Prague, Czech Republic Petr David Josek/AP
A street performer wearing a devil mask scares children on the eve of St. Nicholas
Saint Nicholas Day is a pre-Christian gift-giving holiday celebrated across Europe on December 5, during which a benevolent figure dressed in some variant of the universally recognizable garb of father Christmas doles out treats to good children. Then there’s this guy. In the evening during the week leading up to Saint Nicholas Day Krampus roams the town rattling rusty chains and bells, often carrying a sack into which he is said to deposit naughty children who are never to be seen again.

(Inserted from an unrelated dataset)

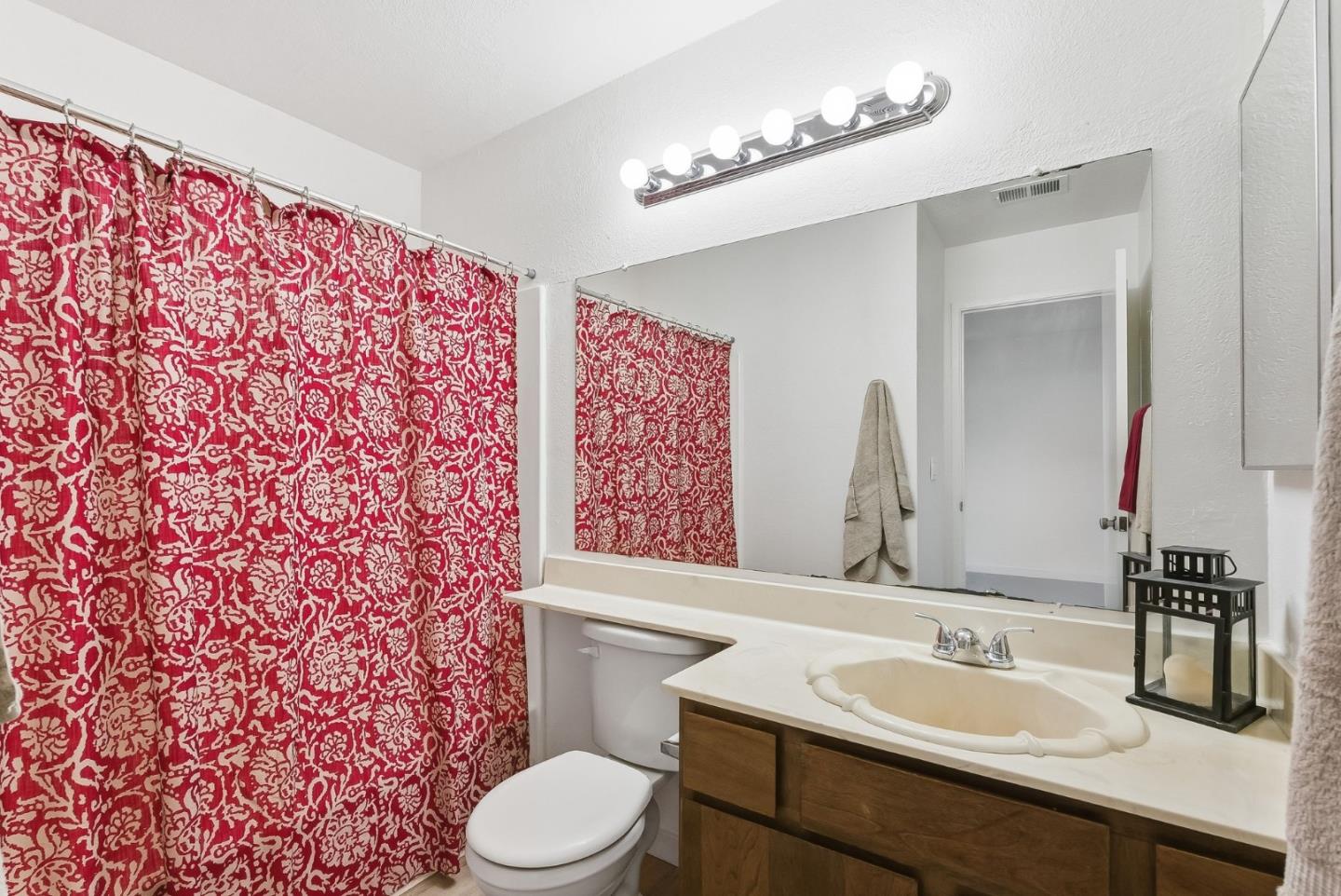 7147 Rouse Court San Jose, CA 95139 - Photo 30 of 36 a bathroom with a sink and a mirror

Rather than, gifts Krampus delivers lumps of coal and rotten bundles.
–Manny Howard, deputy editor
Lens, France Denis Charlet/Getty
A sculpture by the Swiss artist Markus Raetz is displayed at the Louvre-Lens museum in France
Is it a man in a top hat? or a rabbit resting on its haunches?
Swiss artist Markus Raetz's sculpture is conundrum.
Artwork like this piece reminds me of the importance of acknowledging perspective. It reminds me that perspective is never wrong, but it is also never the absolute truth. Many will agree Raet'z piece is both man and rabbit. It is likely that some will decide it is a man without looking in the strategically placed mirror. Yet, others may take the mirror as truth and decide it is a rabbit. And to someone, the sculpture may not register as either.
As we also witnessed in the war over "the dress" meme in 2015, blue-and-black versus white-and-gold divided the Internet. But perspective can divide more than just the world wide web or museum-goers—as art imitates life— it can even divide nations.
Raetz's piece will be on display through next September at the Lourve-Lens in France.
–Grace Guarnieri, editorial intern
Loon-Plage, France Phillipe Hugen/Getty
Chickens in a henhouse in Loon-Plage, a French commune in northern France
I'll ignore the bird flu aspect of this photo and instead say how tasty these chicken look. I mean, c'mon. Just imagine them deep-fried on a plate next to a perfectly buttered biscuit. Funny to think I was once vegan.
–Tatiana Baez, social media coordinator
Kabul, Afghanistan Shah Marai/Getty
A young boy working as a balloon vendor waits for customers in Kabul
For many children the idea of a balloon conjures up delightful thoughts of birthday parties. And when a balloon is freed from its cumbersome tether, there's a chance to play that game of catch that inevitably leads to a sad pop. This child in Kabul seems sad for another reason: Perhaps it's because he is not free to play but rather is tied up in a sales role, marketing these elastic expressions of joy.